Introducing PyTorch/XLA 2.3 | Google Cloud Blog

We are excited to launch PyTorch/XLA 2.3 this week. The 2.3 release brings with it even more productivity, performance and usability improvements.

Why PyTorch/XLA?

Before we get into the release updates, here’s a short overview of why PyTorch/XLA is great for model training, fine-tuning and serving. The combination of PyTorch and XLA provides key advantages:

Easy Performance: Retain PyTorch’s intuitive, pythonic flow while gaining significant and easy performance improvements through the XLA compiler. For example, PyTorch/XLA produces a throughput of 5000 tokens/second while finetuning Gemma and Llama 2 7B models and reduces the cost of serving down to $0.25 per million tokens.
Ecosystem advantage: Seamlessly access PyTorch’s extensive resources, including tools, pretrained models, and its large community.

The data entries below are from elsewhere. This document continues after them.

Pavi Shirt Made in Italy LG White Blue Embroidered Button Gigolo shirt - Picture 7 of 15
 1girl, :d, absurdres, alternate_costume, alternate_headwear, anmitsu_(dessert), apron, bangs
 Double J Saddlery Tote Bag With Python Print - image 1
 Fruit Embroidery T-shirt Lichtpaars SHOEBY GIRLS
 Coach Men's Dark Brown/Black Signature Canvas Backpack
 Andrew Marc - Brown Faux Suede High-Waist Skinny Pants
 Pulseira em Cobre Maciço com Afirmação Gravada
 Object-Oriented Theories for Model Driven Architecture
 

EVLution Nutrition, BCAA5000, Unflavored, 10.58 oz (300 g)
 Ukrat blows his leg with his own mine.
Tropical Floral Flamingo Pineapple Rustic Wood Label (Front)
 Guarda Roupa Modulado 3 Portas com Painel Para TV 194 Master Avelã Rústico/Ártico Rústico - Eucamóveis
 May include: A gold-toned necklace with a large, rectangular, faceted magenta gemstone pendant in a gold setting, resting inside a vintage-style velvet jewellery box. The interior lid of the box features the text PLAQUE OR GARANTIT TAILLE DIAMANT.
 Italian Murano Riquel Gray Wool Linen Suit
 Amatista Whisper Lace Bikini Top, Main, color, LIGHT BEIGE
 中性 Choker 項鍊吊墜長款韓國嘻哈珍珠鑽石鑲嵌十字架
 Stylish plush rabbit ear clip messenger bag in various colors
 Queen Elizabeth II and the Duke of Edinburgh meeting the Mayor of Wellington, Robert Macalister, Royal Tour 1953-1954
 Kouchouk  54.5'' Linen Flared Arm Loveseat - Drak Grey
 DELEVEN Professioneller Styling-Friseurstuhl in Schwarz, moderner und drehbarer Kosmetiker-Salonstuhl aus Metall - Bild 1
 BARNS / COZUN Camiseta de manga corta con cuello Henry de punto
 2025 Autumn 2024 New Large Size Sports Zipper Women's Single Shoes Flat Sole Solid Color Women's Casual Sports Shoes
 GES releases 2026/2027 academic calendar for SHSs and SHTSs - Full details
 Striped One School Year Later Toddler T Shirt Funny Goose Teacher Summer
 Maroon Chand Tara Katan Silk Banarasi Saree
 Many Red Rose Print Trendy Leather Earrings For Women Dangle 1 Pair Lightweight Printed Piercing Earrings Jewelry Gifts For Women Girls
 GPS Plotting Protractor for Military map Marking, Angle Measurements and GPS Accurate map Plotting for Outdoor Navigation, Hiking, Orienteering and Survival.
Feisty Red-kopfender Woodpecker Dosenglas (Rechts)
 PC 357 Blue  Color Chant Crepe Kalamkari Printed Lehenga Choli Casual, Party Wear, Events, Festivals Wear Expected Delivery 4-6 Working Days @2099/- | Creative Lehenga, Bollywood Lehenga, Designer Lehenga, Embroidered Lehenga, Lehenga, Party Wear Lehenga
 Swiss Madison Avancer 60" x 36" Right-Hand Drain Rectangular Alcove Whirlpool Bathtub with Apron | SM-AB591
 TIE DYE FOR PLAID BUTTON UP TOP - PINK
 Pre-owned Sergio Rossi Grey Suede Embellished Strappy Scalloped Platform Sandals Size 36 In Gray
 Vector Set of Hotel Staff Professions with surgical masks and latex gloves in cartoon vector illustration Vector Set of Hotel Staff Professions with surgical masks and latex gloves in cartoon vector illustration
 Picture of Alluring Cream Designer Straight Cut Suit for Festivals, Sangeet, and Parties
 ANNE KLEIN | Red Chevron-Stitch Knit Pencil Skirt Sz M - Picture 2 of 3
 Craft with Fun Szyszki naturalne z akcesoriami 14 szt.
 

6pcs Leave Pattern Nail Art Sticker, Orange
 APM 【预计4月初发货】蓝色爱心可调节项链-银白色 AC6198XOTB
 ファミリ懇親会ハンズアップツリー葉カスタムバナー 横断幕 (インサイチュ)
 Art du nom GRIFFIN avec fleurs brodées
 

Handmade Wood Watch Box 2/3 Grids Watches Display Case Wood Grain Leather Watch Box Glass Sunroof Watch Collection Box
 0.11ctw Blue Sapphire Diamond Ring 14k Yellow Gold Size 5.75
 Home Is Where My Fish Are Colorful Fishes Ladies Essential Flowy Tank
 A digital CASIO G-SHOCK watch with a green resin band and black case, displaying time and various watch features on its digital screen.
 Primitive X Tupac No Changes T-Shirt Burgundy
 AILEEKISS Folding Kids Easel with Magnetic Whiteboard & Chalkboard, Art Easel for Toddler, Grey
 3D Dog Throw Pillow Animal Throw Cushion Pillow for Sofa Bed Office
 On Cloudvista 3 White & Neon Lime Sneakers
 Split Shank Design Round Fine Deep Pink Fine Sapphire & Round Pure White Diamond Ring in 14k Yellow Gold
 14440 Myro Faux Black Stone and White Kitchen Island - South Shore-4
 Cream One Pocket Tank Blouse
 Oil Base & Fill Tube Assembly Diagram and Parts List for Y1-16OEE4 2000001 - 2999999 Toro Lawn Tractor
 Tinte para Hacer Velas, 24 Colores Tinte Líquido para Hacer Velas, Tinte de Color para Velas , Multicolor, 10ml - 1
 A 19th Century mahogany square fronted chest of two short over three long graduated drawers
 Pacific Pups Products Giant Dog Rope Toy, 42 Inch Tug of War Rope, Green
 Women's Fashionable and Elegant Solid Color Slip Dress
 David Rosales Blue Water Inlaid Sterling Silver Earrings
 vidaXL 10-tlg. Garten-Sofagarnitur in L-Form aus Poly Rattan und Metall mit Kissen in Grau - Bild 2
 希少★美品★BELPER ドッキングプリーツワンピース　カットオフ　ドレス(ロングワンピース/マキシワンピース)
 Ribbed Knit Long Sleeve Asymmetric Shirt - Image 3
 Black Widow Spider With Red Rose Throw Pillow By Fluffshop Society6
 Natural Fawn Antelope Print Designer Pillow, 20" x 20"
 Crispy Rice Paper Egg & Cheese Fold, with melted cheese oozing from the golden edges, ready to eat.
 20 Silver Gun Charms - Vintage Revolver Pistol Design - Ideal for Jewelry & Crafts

These benefits underscore the value of PyTorch/XLA. Lightricks shares the following feedback on their experience with PyTorch/XLA 2.2:

“By leveraging Google Cloud’s TPU v5p, Lightricks has achieved a remarkable 2.5X speedup in training our text-to-image and text-to-video models compared to TPU v4. With the incorporation of PyTorch XLA’s gradient checkpointing, we’ve effectively addressed memory bottlenecks, leading to improved memory performance and speed. Additionally, autocasting to bf16 has provided crucial flexibility, allowing certain parts of our graph to operate on fp32, optimizing our model’s performance. The XLA cache feature, undoubtedly the highlight of PyTorch XLA 2.2, has saved us significant development time by eliminating compilation waits. These advancements have not only streamlined our development process, making iterations faster but also enhanced video consistency significantly. This progress is pivotal in keeping Lightricks at the forefront of the generative AI sector, with LTX Studio showcasing these technological leaps.” – Yoav HaCohen, Research team lead, Lightricks

What’s in the 2.3 release: Distributed training, dev experience, and GPUs

PyTorch/XLA 2.3 keeps us current with PyTorch Foundation’s 2.3 release from earlier this week, and offers notable upgrades from PyTorch/XLA 2.2. Here’s what to expect:

1. Distributed training improvements

SPMD with FSDP: Fully Sharded Data Parallel (FSDP) support enables you to scale large models. The new Single Program, Multiple Data (SPMD) implementation in 2.3 integrates compiler optimizations for faster, more efficient FSDP.
Pallas integration: For maximum control, PyTorch/XLA + Pallas lets you write custom kernels specifically tuned for TPUs.

2. Smoother development

SPMD auto-sharding: SPMD automates model distribution across devices. Auto-sharding further simplifies this process, eliminating the need for manual tensor distribution. In this release, this feature is experimental, supporting XLA:TPU and single-host training.